Sunday, September 10, 2017

Emojis, elections, LKF and whatsapplied statistics

Whatsapp is the messaging medium of choice among the ultimate community of Hong Kong. Since December 2011, an ever-expanding group of players have coordinated practice, social activities, shared news and engaged in raucous discussions over a Whatsapp group. At times, this group has exploded like a phone ringing off its hook and been the source of much hilarity for the community. The group has gone through many names, but most commonly has been known as "Party in My Pants" (PIMP).

This analysis was started by my friend, teammate and former colleague Jak Lau. In June 2017 he emailed me this:

Party in my TUANsuit
STATISTICS
Started: 10 December 2011
Age: 5 years 7 months
Messages 39,700
Group name changes: 19
Messages written no.%
Doona32618.0
Sam24536.0
Jak22235.4
Neil21205.2
Mikey20975.1
Kim20415.0
Will13393.3
Tommy8052.0
Gio6551.6

This is the email exchange that followed:
Cal: What?!?!?! How did you get these??
Jak: I made them.
Cal: You downloaded the transcript and searched?
Jak: Yeah, just exported the chat into excel and used a few simple analysis tools. Mostly sort and filter.
I was gonna do more, but wouldn't be worth it.
Cal: Haha I might play around with it. I want to see which emojis we use (eggplant)
Jak: Have fun. I don't know if you can export the emojis.

And so I set forth to do some further analysis. Whatsapp's Export Chat feature is nifty (and a feature that separates it from many other messaging apps), allowing me to email my account's stored data of the phone to myself as one raw text file. You can include media as well (images and videos) but I figured that might be an overwhelming amount and didn't include the images. Since leaving Hong Kong in early 2016, I've both remained in this group chat and become a professional data scientist, learning many techniques that would help me work with this text file.
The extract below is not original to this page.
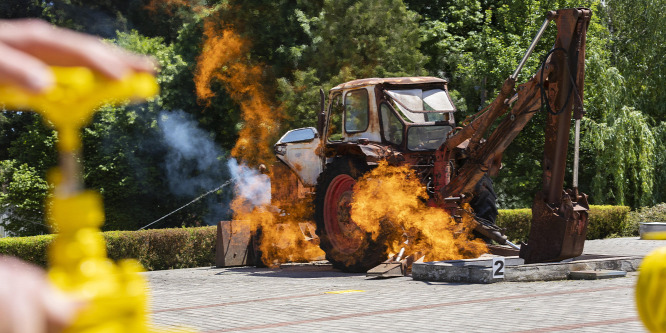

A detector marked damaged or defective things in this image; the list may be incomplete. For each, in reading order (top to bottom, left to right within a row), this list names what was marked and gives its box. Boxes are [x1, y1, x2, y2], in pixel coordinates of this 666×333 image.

Python is a good tool for text analysis, especially when used through a web application interface like a Juypiter Notebook. The benefits of using a web interface is the text gets outputted in your browser, which means different language scripts and emojis, both of which are relevant here, will likely be supported. The Pandas package allows in one step for the ingestion of the .txt file and conversion into a useful dataframe. The raw data contains lots of activity from whatsapp, including when users entered or left the group and when they sent images. I was mainly just interested in messages. I knew I would eventually do analysis on the emojis though, and I wasn't sure how that would work in a Python Juypiter Notebook - there was a tutorial on emoji data science in R though, which happens to be my strongest programming language. I exported the raw data from Python and used R to analyze it.

So I imported the data into R and was looking at a 37,351 * 4 dimension dataframe. I had the timestamp of the message, the sender, the message text itself, and whether it was an image.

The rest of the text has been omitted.